The recycling companies that complained during the lock downs on a lull, not be able to benefit from the current Boom, however, on the contrary, The logistics have to be extremely reorganized quickly, to be able to, for example, continues to be a quick pick-up of large electrical equipment. In addition, full-bearing mountains, in the plants, as they exist currently, often, it also has its dangers: in Particular, Lithium batteries from mobile phones can easily cause a fire. “A fire at a recycling plant may be existence threatening,” says Jehle.

The Association calls, therefore, cell phones should already be in the adoption as far as possible from their batteries disconnected. This requirement is currently being violated too often. In addition, manufacturers of equipment need to educate your customers about the importance of a correct waste management. A recent UN report, many citizens dispose of can bring their old devices in the trash instead of the recycling centre.

“We are in a vicious circle,” defendant Jehle. So it is lacking in the paralyzed industrial demand for metals.
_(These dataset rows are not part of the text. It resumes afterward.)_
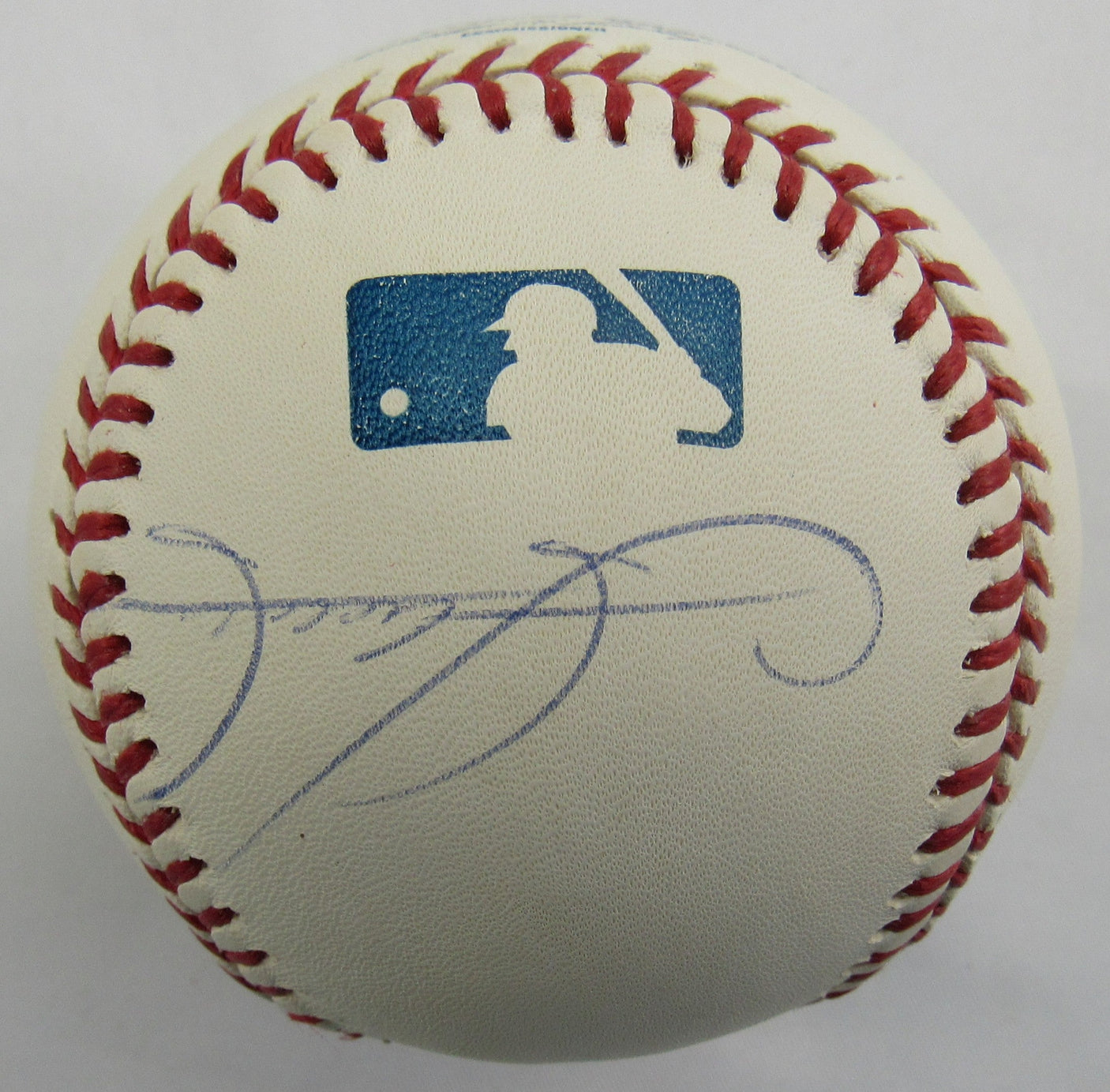 Sammy Sosa Signed Auto Rawlings Baseball JSA CC59171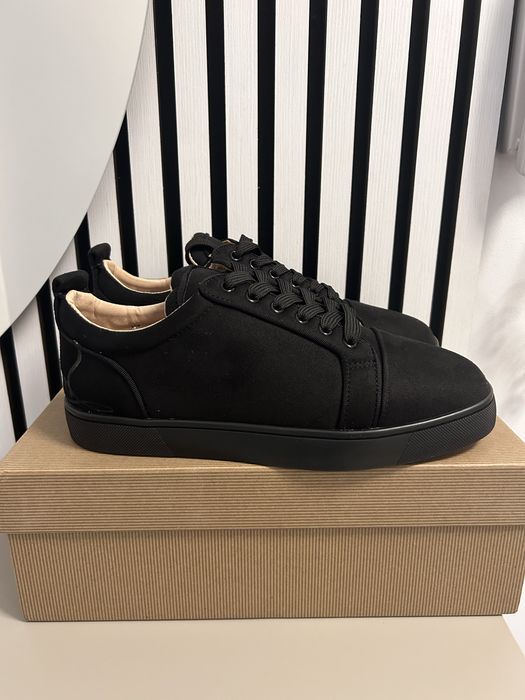 Adidasi Christian Louboutin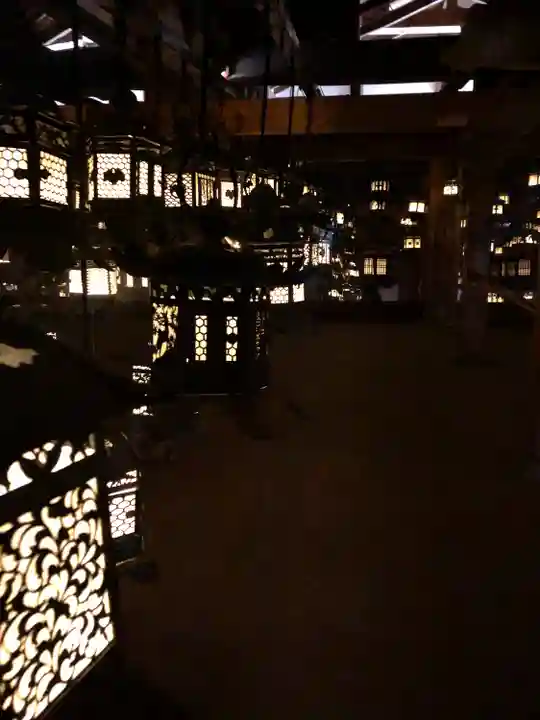 春日大社のその他建物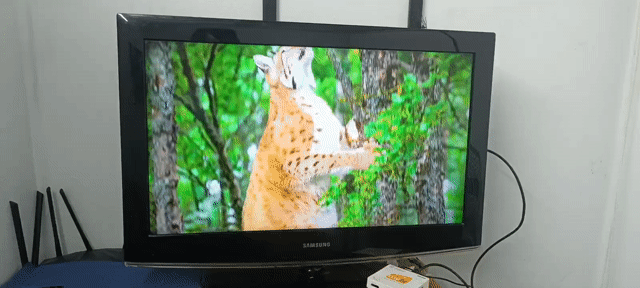 Samsung 32 inch.. Mua bán Tivi, Âm thanh tại Quận Thanh Xuân Hà Nội được đăng bởi Nguyễn Duy Hưng hình 1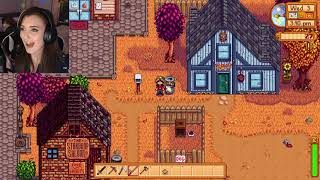 Stardew Valley Co-op [2/13/2021]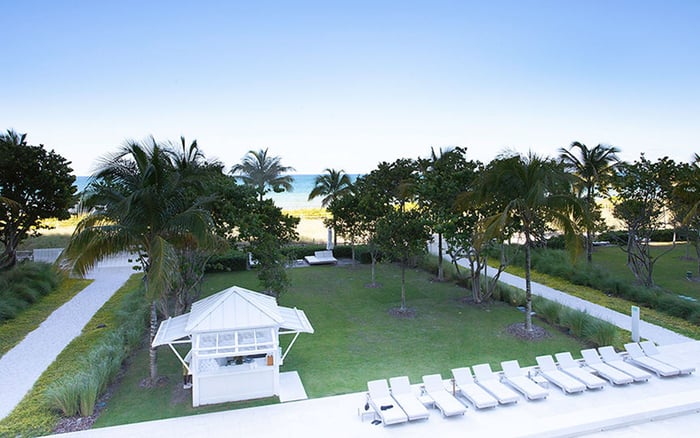 Planning a Purchase at The Surf Club Four Seasons Surfside: Why Parking Title, Storage Rights, and Cabana Allocations Must Survive a Resale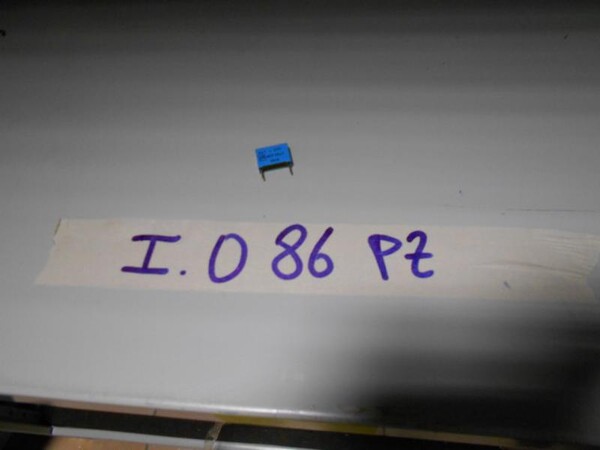 32#7585 Materiale e componentistica elettronica in vendita - foto 14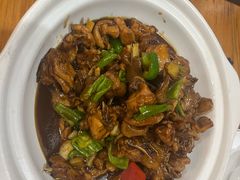 -李东农庄(中南百草园地标店)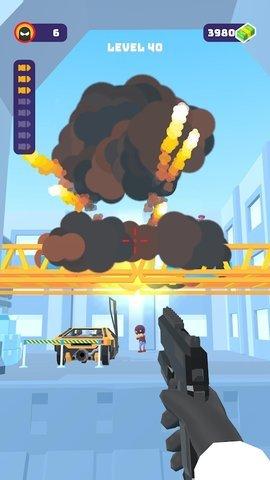 枪械狂暴截图1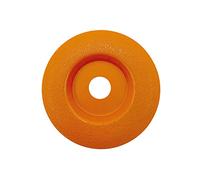 CMT ORANGE TOOLS 552-115-01 PLATEAU POLYVALENT COURBE DIA D=115 B=22.2 MEDIA-FINE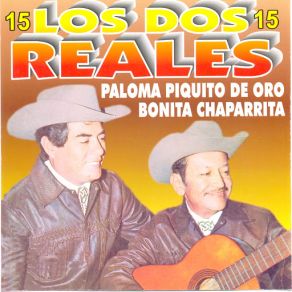 Download track Por Tocar El Violin Los Dos Reales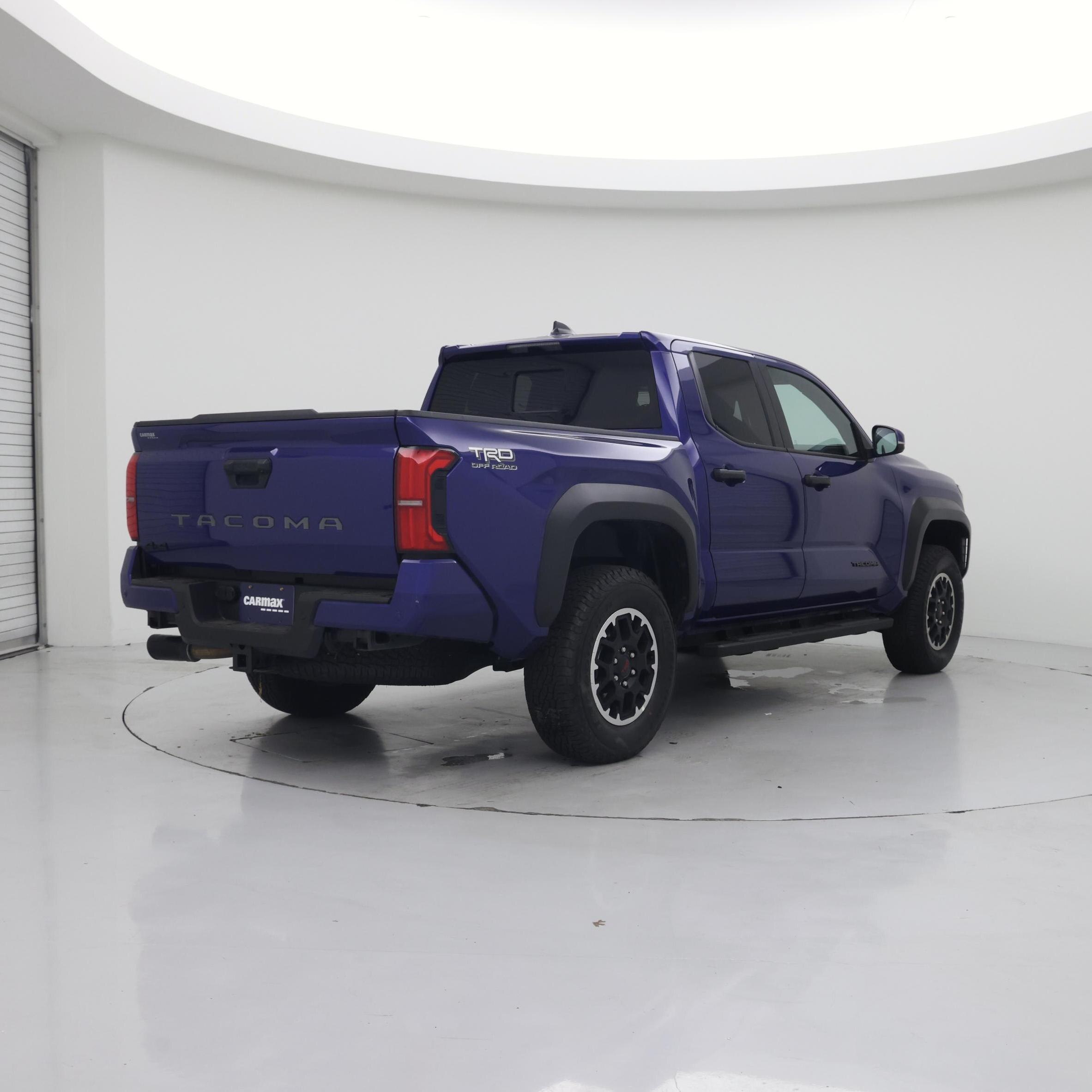 Thumbnail: 2025 Toyota Tacoma - 8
At the same time, the offer was very high. “If you have a high supply meets weak demand, this leads in turn to falling metal prices and wegschmelz companies margins for the recycling.”

Matthew Velter
Matthew Velterhttps://etrendystock.com/
With 5 years of experience as an editor, Matthew has been a crucial part of eTrendy Stock since its inception. He looks after the editing of news content published on eTrendy Stock. Apart from investing his time in editing, he also provides well-researched news articles for the U.S. niche. Mathew studied at University of central Florida.